Arrests like this happen frequently in Egypt, which receives $2 billion yearly in U.S. aid. Why Said? He works with the Quranists, a Muslim reform group, and is the half brother of the movement's leader, Sheikh Dr. Ahmed Subhy Mansour. (Full disclosure: Mansour is my friend).
Being a progressive Muslim is a dangerous business, whether in Cairo or Tehran. Although he has not been officially charged, Said's "crime" appears to have been the form of Islam he promoted -- reformist, non-violent, and based exclusively on the Koran. The plot thickens: Said's cousin, Amr Tharwat, another Muslim reformer, worked for the Ibn Khaldun Center, headed by Egypt's most prominent democracy advocate, Saad Eddin Ibrahim.
The Quaranist movement was recently denounced as "non-Muslim" by a representative of Al-Azhar University, often referred to as "Islam's Vatican." Sheikh Mansour, once a faculty member at al-Azhar, was forced out because of his beliefs and imprisoned by the regime for the crime of wanting to reform Islam from within.
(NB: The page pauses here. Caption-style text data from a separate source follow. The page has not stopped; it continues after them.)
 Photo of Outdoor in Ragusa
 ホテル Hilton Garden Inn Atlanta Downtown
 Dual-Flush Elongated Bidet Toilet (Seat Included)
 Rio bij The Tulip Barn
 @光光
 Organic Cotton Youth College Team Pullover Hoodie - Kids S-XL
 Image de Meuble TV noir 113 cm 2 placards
He was eventually given asylum in the U.S., admitted to Harvard's "Scholars at Risk" program, and then sued by the Islamic Society of Boston when he complained about anti-Semitic and anti-Christian hate literature in the ISB's Cambridge mosque.
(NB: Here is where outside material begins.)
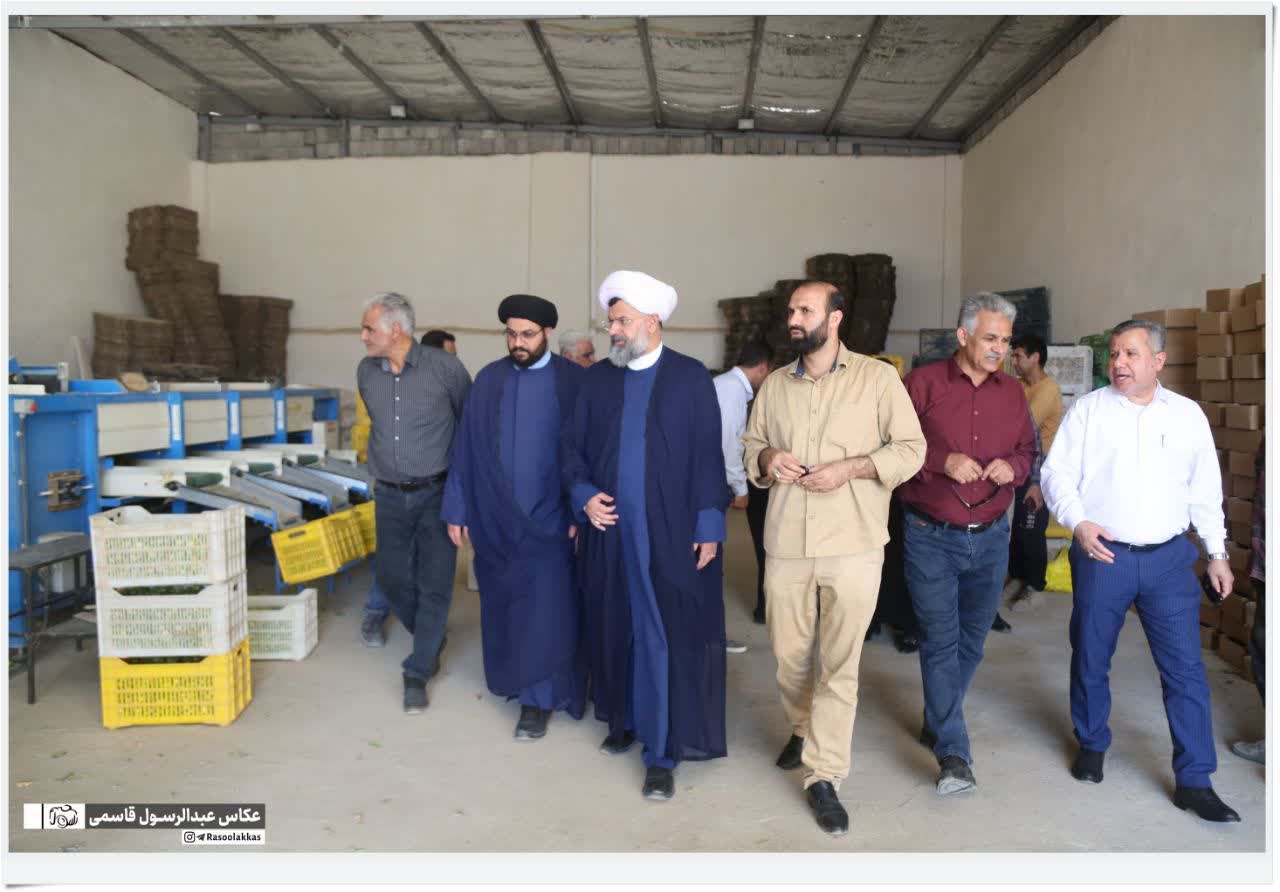 تأکید امام جمعه شهرستان دشتی بر پشتیبانی از تولید و کارآفرینی در مناطق روستایی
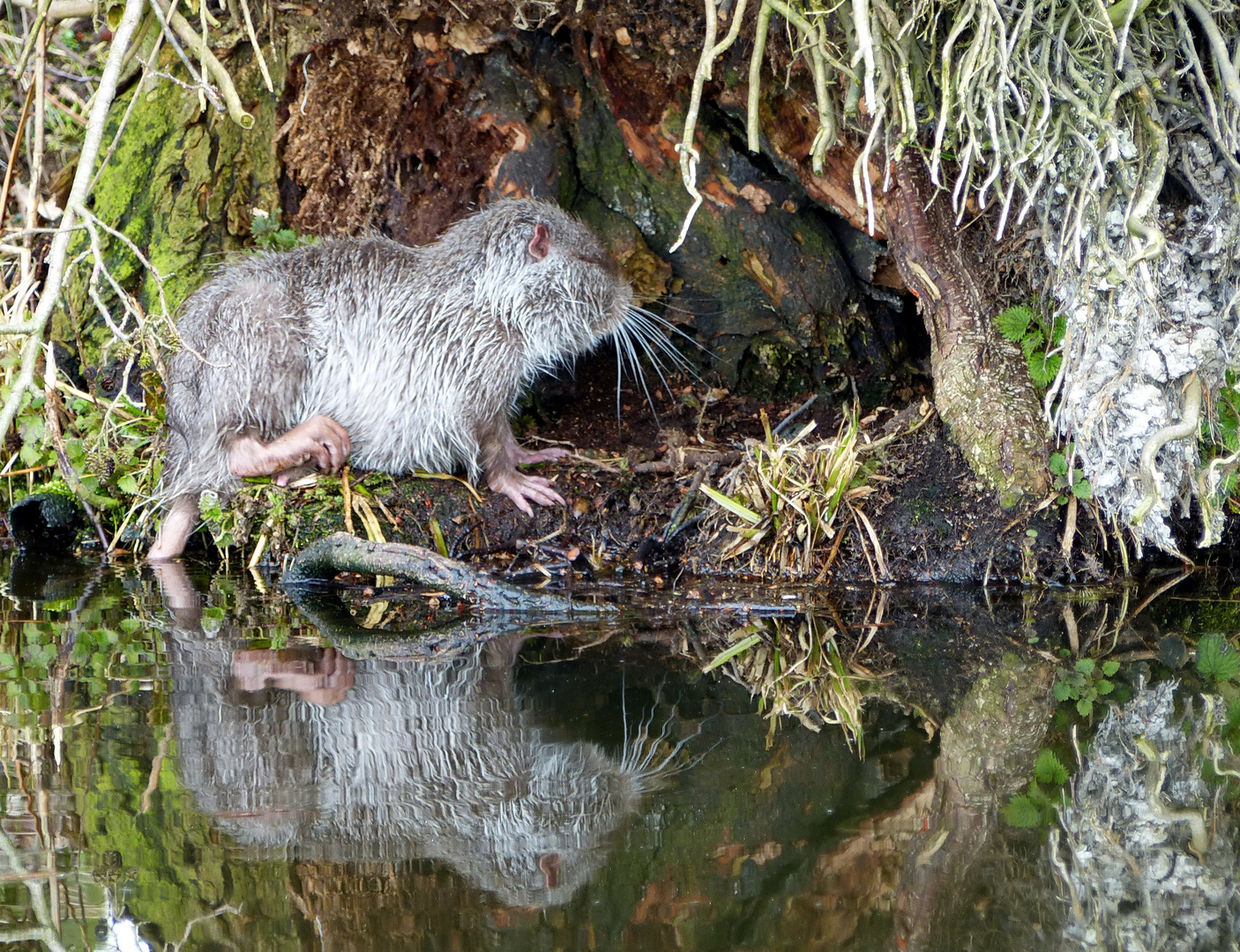 Ein kleiner Nutria spiegelt sich im Wasser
This week, Human Rights Watch (HRW) fired off a letter to Egyptian authorities protesting the disappearance of the Quranists. A good sign, as the HR establishment has mostly gone PC, and focuses mainly on the behavior of Westerners while it protects the West's enemies: secret CIA prisons get more attention than Saddam's torture chambers ever did. Distracted and obsessed with 40 years of Israeli "occupation," "rights activists" have little or no time to defend women, apostates, atheists or dhimmis under Islamic rule. They abandoned the black Christian slaves of Sudan's jihad.
Both the "left" and "right" chatter about the need for reform to come from within Islam. But Muslim reformers who actually put their lives on the line don't seem to register with anyone.
What can we do? Call Amnesty International. Ask that Said and the Quranists be adopted as "prisoners of conscience." Encourage HRW to keep up the pressure. Call the State Department and ask them to intervene: billions of U.S. aid should count for something. Ask your elected representatives why the U.S. is continuing to support Egypt when it refuses to grant basic political and religious freedoms. Learn about the Quranists from Sheikh Mansour's Web sites. The only hope for peace in the world may rest with Islamic reform movements. Learn about them. Support them.
Abdellatif Muhammad Said and the Quranists are in a dark Egyptian prison. People like them may hold the only hopes for Islam's future and for world peace. Don't be a bystander. Do something.